Black Female Leadership in the Civil Rights Movement

Soc/An 244--Arndt, Spring 2005

During the 1950’s and 60’s few people recognized the dynamics of gender playing out within the civil rights movement. It is only in retrospect that scholars are just now beginning to acknowledge the important, and often unique, ways that women contributed to the movement and also the significant ways in which their participation was limited. Morris (1984) states that it was the educated, black, male clergyman that held the most power in the civil rights movement because of his, “personal persuasiveness…his considerable control over the collective resources of the church” and charisma (7). Indeed, it was those leaders who were the most visible.

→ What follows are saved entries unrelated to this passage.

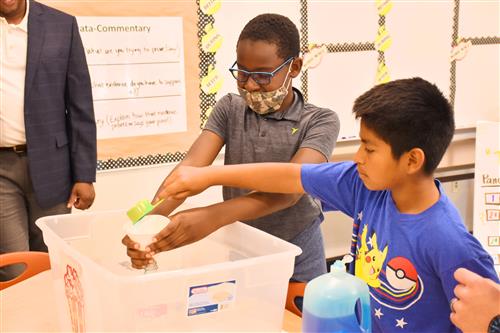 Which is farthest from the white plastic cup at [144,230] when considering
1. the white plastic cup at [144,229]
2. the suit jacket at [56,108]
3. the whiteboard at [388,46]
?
the whiteboard at [388,46]

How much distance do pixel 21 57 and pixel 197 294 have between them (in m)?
1.33

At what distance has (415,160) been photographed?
3.59 feet

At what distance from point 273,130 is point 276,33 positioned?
0.25 m

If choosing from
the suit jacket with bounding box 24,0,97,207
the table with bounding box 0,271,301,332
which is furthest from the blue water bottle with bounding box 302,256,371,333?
the suit jacket with bounding box 24,0,97,207

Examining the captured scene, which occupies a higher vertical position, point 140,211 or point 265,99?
point 265,99

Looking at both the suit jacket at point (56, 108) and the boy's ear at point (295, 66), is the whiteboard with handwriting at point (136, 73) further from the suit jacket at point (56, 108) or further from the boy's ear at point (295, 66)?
the boy's ear at point (295, 66)

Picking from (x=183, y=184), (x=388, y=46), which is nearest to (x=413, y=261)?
(x=183, y=184)

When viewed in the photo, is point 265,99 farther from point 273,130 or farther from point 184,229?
point 184,229

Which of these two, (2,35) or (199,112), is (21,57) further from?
(199,112)

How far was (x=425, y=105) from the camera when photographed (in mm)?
1093

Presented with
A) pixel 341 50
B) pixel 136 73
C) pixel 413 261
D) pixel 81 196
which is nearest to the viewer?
pixel 413 261

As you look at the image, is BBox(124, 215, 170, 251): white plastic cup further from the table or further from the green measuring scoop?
the table

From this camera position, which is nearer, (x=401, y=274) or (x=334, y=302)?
(x=334, y=302)

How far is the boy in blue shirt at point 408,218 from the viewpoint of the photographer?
1014mm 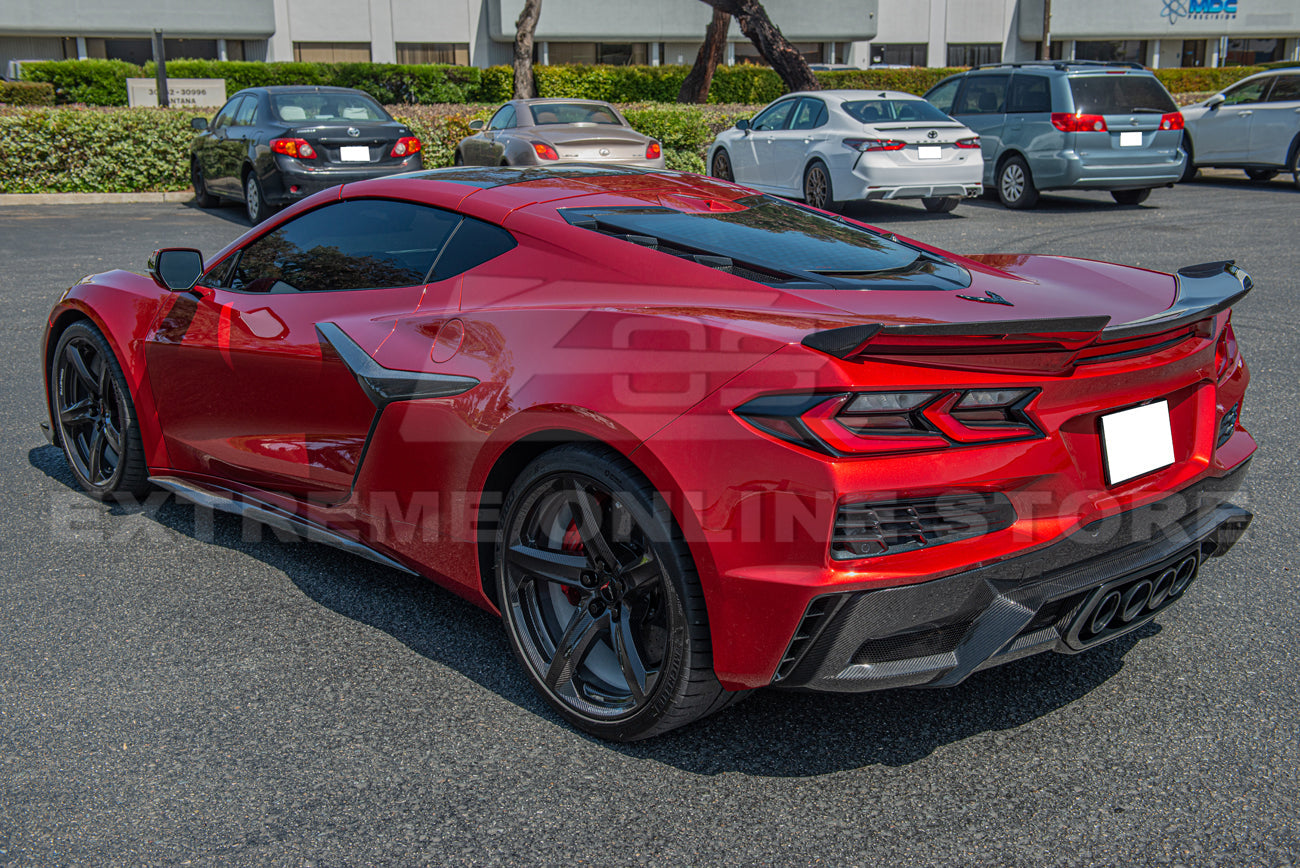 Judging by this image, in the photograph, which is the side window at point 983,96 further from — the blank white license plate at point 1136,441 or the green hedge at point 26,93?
the green hedge at point 26,93

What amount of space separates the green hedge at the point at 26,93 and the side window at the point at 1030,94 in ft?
98.9

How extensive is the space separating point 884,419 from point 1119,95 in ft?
44.8

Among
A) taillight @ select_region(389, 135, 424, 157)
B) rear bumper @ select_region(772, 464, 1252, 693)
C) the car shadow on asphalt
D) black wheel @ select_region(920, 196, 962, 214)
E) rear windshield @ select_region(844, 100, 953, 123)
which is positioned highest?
rear windshield @ select_region(844, 100, 953, 123)

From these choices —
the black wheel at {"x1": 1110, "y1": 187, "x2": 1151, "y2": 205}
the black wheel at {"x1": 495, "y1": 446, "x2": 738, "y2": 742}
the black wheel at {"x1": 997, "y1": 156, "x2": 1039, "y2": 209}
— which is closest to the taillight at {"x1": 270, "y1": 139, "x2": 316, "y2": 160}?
the black wheel at {"x1": 997, "y1": 156, "x2": 1039, "y2": 209}

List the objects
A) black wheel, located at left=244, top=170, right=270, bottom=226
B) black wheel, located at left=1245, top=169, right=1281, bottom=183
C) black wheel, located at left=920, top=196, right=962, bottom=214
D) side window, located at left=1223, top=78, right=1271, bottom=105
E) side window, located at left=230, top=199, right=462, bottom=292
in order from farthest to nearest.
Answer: black wheel, located at left=1245, top=169, right=1281, bottom=183
side window, located at left=1223, top=78, right=1271, bottom=105
black wheel, located at left=920, top=196, right=962, bottom=214
black wheel, located at left=244, top=170, right=270, bottom=226
side window, located at left=230, top=199, right=462, bottom=292

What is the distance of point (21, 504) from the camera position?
15.0 feet

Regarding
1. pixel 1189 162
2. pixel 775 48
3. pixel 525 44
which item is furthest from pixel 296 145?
pixel 525 44

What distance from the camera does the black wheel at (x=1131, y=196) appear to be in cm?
1508

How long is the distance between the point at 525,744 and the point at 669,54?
5133 centimetres

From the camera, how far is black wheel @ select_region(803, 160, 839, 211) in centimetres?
1349

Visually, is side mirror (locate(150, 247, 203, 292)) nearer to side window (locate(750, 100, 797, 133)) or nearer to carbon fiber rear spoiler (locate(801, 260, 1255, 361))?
carbon fiber rear spoiler (locate(801, 260, 1255, 361))

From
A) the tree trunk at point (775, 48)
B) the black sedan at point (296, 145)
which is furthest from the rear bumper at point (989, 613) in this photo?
the tree trunk at point (775, 48)

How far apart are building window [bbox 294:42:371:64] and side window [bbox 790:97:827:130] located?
119 feet

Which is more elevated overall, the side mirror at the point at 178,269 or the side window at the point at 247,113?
the side window at the point at 247,113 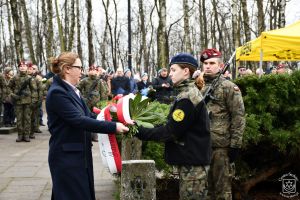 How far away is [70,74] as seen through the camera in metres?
4.44

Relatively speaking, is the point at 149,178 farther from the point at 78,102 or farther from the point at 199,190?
the point at 78,102

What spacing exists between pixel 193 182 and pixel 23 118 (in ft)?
33.1

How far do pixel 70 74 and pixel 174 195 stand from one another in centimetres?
339

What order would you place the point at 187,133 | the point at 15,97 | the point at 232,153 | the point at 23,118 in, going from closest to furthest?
the point at 187,133
the point at 232,153
the point at 15,97
the point at 23,118

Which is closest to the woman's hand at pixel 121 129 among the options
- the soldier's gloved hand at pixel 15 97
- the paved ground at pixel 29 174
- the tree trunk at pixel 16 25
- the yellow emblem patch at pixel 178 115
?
the yellow emblem patch at pixel 178 115

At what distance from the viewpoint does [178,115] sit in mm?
4355

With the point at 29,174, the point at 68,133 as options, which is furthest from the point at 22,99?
the point at 68,133

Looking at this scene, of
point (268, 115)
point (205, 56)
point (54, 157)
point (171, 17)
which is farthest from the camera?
point (171, 17)

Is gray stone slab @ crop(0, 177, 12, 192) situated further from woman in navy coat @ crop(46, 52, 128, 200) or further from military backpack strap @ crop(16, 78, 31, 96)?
military backpack strap @ crop(16, 78, 31, 96)

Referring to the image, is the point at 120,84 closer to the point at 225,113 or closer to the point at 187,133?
the point at 225,113

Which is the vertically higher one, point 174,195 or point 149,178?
point 149,178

However, there were many leaders outside of this elite group that did not fit the mold, they mainly operated on a grassroots level and were frequently women. Their contribution to the civil rights movement was no less important than that of people like Dr. King. Belinda Robnett (1997) writes in her groundbreaking book How Long? How Long?,

Gendered hierarchy and racial and class constraints, in additions to Black cultural norms, shaped the structures of the civil rights movement and defined the nature of activist participation, including those leaders in the grassroots sector (17).

The omission of female leadership in mainstream historical accounts of the civil rights movement creates two main problems: the obstacles to leadership faced by women are unrecognized and women leaders who did play significant roles—despite these obstacles, remain ignored or marginalized.

The image of a tired Rosa Parks sitting in the white section of the bus may be the most well-recognized representation of a black woman in the civil rights movement. This is a selective view of women in the movement. There were many powerful women whose faces should be seen just as often as Parks’. Parks herself was already very involved in the movement through the NAACP and grassroots activism—she was much more than a poor, tired woman who finally snapped (Morris 1984). Women like Ella Baker, Fannie Lou Hamer and Septima Clark displayed extraordinary leadership and influence, but their forms of leadership were different from the well-known styles of Dr. King and Dr. Abernathy.

Efforts to appreciate the presence of black women in the civil rights movement often come under fire. Robnett writes that her work has been interpreted as “inherently divisive to the African-American community and to any analysis of gender as a white woman’s issue. Still others viewed the project as an attack on Dr. King and other notable Black male leaders” (4). While it is true that evaluating the civil rights movement by today’s standards of gender equality would be presentism, one cannot ignore the implicit social expectations that shaped the way black men and women moved within the movement. Robnett defends her attempt to make the voices of black women heard, “No account of history is adequate without inclusion of us all” (6).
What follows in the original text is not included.